Nous, organisations et mouvements sociaux, populaires et de
masses d’Asie et du Pacifique de diverses
origines sociales, culturelles et politiques, sommes
assemblés du 2 au 7 janvier 2003 au Forum social
d’Asie à Hyderabad [1], en Inde. Nous sommes réunis
pour échanger nos expériences et élever nos voix
contre la mondialisation néolibérale, l’impérialisme, le
militarisme, le patriarcat et le fondamentalisme.

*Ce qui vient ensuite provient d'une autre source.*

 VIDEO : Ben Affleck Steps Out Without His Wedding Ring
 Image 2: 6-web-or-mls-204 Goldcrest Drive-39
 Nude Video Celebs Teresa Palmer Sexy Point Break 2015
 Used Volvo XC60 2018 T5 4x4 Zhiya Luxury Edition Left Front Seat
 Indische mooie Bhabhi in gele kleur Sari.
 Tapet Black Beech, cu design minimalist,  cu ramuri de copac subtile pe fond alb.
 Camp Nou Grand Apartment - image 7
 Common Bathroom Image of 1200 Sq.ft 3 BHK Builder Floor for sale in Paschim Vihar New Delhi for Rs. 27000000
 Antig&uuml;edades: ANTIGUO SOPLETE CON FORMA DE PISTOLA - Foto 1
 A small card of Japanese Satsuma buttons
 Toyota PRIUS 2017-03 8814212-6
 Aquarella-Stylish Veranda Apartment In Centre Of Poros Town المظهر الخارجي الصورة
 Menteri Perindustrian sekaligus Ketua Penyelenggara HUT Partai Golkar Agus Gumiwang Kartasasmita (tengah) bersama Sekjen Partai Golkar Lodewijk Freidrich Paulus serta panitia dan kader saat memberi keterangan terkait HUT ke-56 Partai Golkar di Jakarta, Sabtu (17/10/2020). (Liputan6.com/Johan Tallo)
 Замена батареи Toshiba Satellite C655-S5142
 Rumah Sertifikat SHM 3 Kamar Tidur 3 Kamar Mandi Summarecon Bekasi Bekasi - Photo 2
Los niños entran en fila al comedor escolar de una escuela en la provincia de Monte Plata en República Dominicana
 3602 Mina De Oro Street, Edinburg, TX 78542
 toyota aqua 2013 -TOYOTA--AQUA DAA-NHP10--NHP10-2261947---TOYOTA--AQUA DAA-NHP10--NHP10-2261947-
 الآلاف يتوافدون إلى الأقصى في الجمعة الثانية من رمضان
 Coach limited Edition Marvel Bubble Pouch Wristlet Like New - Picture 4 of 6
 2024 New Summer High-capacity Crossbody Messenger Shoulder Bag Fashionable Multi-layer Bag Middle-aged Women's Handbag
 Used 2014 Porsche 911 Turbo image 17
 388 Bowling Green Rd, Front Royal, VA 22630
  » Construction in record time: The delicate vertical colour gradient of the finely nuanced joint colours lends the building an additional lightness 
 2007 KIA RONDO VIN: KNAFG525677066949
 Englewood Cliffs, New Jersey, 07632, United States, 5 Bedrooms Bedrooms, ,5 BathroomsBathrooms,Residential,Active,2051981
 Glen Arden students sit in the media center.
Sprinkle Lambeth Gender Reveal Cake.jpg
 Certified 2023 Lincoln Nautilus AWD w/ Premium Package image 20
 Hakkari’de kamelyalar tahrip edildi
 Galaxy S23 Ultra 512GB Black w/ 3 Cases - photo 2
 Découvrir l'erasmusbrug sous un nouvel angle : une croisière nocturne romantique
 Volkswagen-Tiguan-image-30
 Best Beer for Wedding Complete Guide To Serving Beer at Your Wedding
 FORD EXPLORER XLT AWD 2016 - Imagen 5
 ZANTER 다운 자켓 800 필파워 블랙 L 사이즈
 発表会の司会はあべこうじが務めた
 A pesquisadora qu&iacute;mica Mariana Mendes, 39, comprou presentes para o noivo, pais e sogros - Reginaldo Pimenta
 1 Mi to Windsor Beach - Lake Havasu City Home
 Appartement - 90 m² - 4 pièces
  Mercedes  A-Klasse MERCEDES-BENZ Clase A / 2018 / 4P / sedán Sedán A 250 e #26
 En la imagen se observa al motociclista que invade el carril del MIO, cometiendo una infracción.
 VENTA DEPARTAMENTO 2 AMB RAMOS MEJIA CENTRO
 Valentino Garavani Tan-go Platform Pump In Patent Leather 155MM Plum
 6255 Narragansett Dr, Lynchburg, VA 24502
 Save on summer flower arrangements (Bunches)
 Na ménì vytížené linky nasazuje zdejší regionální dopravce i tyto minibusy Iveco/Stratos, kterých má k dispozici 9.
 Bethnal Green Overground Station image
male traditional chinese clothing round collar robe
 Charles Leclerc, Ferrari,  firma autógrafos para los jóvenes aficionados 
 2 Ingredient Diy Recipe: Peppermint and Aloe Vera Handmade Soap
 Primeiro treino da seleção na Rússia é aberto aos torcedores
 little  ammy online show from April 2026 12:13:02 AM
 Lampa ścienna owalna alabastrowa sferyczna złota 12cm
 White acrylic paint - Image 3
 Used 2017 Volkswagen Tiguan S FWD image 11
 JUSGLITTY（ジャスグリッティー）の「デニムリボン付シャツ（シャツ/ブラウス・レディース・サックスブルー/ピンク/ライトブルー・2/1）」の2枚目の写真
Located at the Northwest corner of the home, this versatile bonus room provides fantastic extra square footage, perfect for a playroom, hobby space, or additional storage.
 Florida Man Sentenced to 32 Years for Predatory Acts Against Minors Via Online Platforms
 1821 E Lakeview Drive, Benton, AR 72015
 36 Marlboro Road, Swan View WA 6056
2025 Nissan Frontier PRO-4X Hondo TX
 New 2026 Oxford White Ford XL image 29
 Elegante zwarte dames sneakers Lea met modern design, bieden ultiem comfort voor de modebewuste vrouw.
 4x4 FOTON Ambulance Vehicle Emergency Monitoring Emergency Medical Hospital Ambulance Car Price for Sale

Nous nous rencontrons à Hyderabad, ville dont on
proclame qu’elle est un symbole du cyber-monde en
Inde. Mais c’est aussi la capitale d’un État connu pour
les suicides tragiques de centaines de fermiers et de
tisserands, sans compter les morts par la faim, suite à
l’impact de la mondialisation néolibérale des années
récentes. L’histoire réelle de l’État est celle des luttes
de populations courageuses.
Aujourd’hui, en fait, l’ensemble de l’Asie est une fois
encore le centre de la pauvreté, de la guerre et de
l’intolérance, avec ses masses populaires confrontées à
la famine, à l’appauvrissement, au déplacement, à
l’endettement et à la destruction de leurs moyens
d’existence.
L’impérialisme a pris l’Asie pour cible par des offensives
militaristes et économiques pour obtenir des avancées
stratégiques qui révèlent un besoin avide de pétrole. La
menace imminente d’une guerre à l’Irak par les États-
Unis d’Amérique nous met tous en péril, nous qui avons
été les témoins de la guerre du Golfe, du
bombardement de l’Afghanistan et de l’occupation
continue de la Palestine. Les interventions politiques et
militaires américaines en Asie sous prétexte d’une
guerre au terrorisme - en particulier en Asie du Sud, du
Sud-Est et de l’Est - nous ont amenés au bord de la
guerre nucléaire. Pendant ce temps, dans toute la
région, les citoyens sont soumis et contrôlés par des
lois non démocratiques et draconiennes imposées par
des régimes complices. Cela a favorisé un discours
hypocrite sur le terrorisme et la sécurité tout en
marginalisant et attaquant les luttes populaires pour la
survie, les moyens d’existence, les droits, l’insertion et
l’autodétermination. Toutes ces pressions sont en train
d’engendrer les formes les plus virulentes du patriarcat
et de l’oppression des femmes asiatiques.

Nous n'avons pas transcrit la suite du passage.